--- Supplied records Enclosed Below ---

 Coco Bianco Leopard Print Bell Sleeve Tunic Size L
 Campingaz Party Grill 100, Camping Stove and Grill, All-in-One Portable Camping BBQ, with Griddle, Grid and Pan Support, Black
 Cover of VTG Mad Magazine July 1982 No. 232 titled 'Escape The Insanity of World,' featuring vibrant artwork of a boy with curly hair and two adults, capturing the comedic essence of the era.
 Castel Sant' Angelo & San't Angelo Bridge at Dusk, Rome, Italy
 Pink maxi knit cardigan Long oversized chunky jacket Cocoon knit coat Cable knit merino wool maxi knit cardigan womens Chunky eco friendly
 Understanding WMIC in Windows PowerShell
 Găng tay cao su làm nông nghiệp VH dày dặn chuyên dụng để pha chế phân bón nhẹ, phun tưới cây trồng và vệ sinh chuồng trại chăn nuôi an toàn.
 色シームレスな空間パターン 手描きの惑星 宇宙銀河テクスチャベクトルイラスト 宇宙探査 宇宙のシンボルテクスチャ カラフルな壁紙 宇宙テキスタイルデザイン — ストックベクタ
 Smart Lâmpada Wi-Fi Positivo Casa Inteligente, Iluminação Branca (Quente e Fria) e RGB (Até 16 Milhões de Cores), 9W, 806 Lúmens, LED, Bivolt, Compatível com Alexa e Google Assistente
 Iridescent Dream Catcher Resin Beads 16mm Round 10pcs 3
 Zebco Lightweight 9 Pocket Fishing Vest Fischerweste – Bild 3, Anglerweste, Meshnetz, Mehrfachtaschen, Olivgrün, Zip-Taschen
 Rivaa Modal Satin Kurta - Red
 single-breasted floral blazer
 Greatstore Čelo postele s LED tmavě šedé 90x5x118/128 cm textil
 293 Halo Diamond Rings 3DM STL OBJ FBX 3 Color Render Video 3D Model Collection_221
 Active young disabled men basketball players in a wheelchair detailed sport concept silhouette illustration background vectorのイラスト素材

--- End of Enclosed Supplied records ---

- Work request: An exact repeat of all the entries above is required.

- Written response:
 Coco Bianco Leopard Print Bell Sleeve Tunic Size L
 Campingaz Party Grill 100, Camping Stove and Grill, All-in-One Portable Camping BBQ, with Griddle, Grid and Pan Support, Black
 Cover of VTG Mad Magazine July 1982 No. 232 titled 'Escape The Insanity of World,' featuring vibrant artwork of a boy with curly hair and two adults, capturing the comedic essence of the era.
 Castel Sant' Angelo & San't Angelo Bridge at Dusk, Rome, Italy
 Pink maxi knit cardigan Long oversized chunky jacket Cocoon knit coat Cable knit merino wool maxi knit cardigan womens Chunky eco friendly
 Understanding WMIC in Windows PowerShell
 Găng tay cao su làm nông nghiệp VH dày dặn chuyên dụng để pha chế phân bón nhẹ, phun tưới cây trồng và vệ sinh chuồng trại chăn nuôi an toàn.
 色シームレスな空間パターン 手描きの惑星 宇宙銀河テクスチャベクトルイラスト 宇宙探査 宇宙のシンボルテクスチャ カラフルな壁紙 宇宙テキスタイルデザイン — ストックベクタ
 Smart Lâmpada Wi-Fi Positivo Casa Inteligente, Iluminação Branca (Quente e Fria) e RGB (Até 16 Milhões de Cores), 9W, 806 Lúmens, LED, Bivolt, Compatível com Alexa e Google Assistente
 Iridescent Dream Catcher Resin Beads 16mm Round 10pcs 3
 Zebco Lightweight 9 Pocket Fishing Vest Fischerweste – Bild 3, Anglerweste, Meshnetz, Mehrfachtaschen, Olivgrün, Zip-Taschen
 Rivaa Modal Satin Kurta - Red
 single-breasted floral blazer
 Greatstore Čelo postele s LED tmavě šedé 90x5x118/128 cm textil
 293 Halo Diamond Rings 3DM STL OBJ FBX 3 Color Render Video 3D Model Collection_221
 Active young disabled men basketball players in a wheelchair detailed sport concept silhouette illustration background vectorのイラスト素材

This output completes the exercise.